» Supplied entries
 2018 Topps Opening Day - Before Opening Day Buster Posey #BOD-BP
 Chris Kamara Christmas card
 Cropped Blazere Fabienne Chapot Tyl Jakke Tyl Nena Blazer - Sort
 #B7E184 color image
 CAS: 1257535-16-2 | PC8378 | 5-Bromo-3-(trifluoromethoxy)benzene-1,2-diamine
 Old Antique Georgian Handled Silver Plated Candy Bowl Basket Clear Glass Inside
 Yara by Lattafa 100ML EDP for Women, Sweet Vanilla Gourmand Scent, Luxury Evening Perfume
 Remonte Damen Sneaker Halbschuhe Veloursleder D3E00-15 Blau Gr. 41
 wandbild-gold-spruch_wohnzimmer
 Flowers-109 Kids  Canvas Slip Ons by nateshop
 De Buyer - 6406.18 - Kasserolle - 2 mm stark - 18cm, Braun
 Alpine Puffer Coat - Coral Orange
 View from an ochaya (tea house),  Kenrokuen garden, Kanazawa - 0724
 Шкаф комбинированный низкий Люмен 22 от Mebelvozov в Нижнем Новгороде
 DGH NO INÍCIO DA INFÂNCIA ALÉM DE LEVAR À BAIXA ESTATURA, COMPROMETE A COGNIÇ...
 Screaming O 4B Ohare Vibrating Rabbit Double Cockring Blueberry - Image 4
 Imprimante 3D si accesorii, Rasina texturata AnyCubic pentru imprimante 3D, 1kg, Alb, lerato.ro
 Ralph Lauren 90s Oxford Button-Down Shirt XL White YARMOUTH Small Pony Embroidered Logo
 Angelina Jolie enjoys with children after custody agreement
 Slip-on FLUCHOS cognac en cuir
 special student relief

» Task brief
Repeat, word for word, the lines from the opening of the material through the line containing "Old Antique Georgian".

» Task solution
 2018 Topps Opening Day - Before Opening Day Buster Posey #BOD-BP
 Chris Kamara Christmas card
 Cropped Blazere Fabienne Chapot Tyl Jakke Tyl Nena Blazer - Sort
 #B7E184 color image
 CAS: 1257535-16-2 | PC8378 | 5-Bromo-3-(trifluoromethoxy)benzene-1,2-diamine
 Old Antique Georgian Handled Silver Plated Candy Bowl Basket Clear Glass Inside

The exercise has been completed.